Christian Rapp, geboren 1964, Kulturwissenschaftler und Ausstellungskurator. Lehrbeauftragter an der Universität Wien, an der Universität für angewandte Kunst und an der New Design University St. Pölten. Zahlreiche Ausstellungen und Publikationen zur Kultur- und Gesellschaftsgeschichte, Ausstellungen und Museumsprojekte im In- und Ausland. Seit Jänner 2018 wissenschaftlicher Leiter des Hauses der Geschichte im Museum Niederösterreich. Zusammen mit Hannes Leidinger hat er das Buch "Hitler - prägende Jahre" geschrieben.

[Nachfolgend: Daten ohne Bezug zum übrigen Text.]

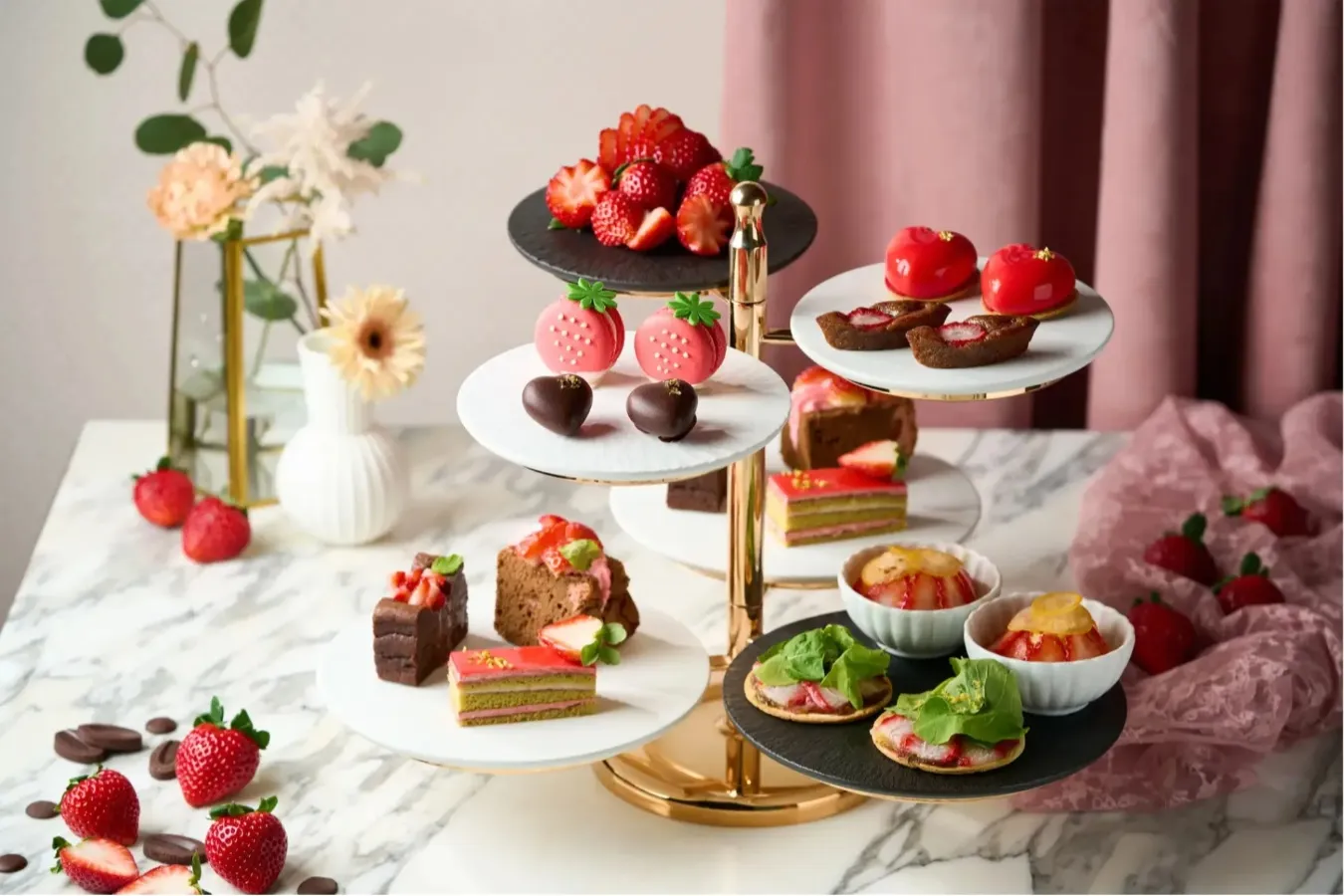 ▲「バレンタインアフタヌーンティー 〜Strawberry & Chocolate〜」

Hannes Leidinger, geboren 1969, studierte Geschichte, Klassische Archäologie und Ur- und Frühgeschichte in Wien. Kurator von Ausstellungen, Berater von Radiosendungen und TV-Dokumentationen, Leiter von wissenschaftlichen Forschungsprojekten. Lehrtätigkeit am Institut für Zeitgeschichte der Universität Wien. Leiter der Außenstelle Wien des Ludwig Boltzmann Instituts für Kriegsfolgenforschung. Zahlreiche Publikationen. Zuletzt bei Residenz erschienen: "Habsburgs schmutziger Krieg" (2014). Zusammen mit Christian Rapp hat er das Buch "Hitler - prägende Jahre" geschrieben.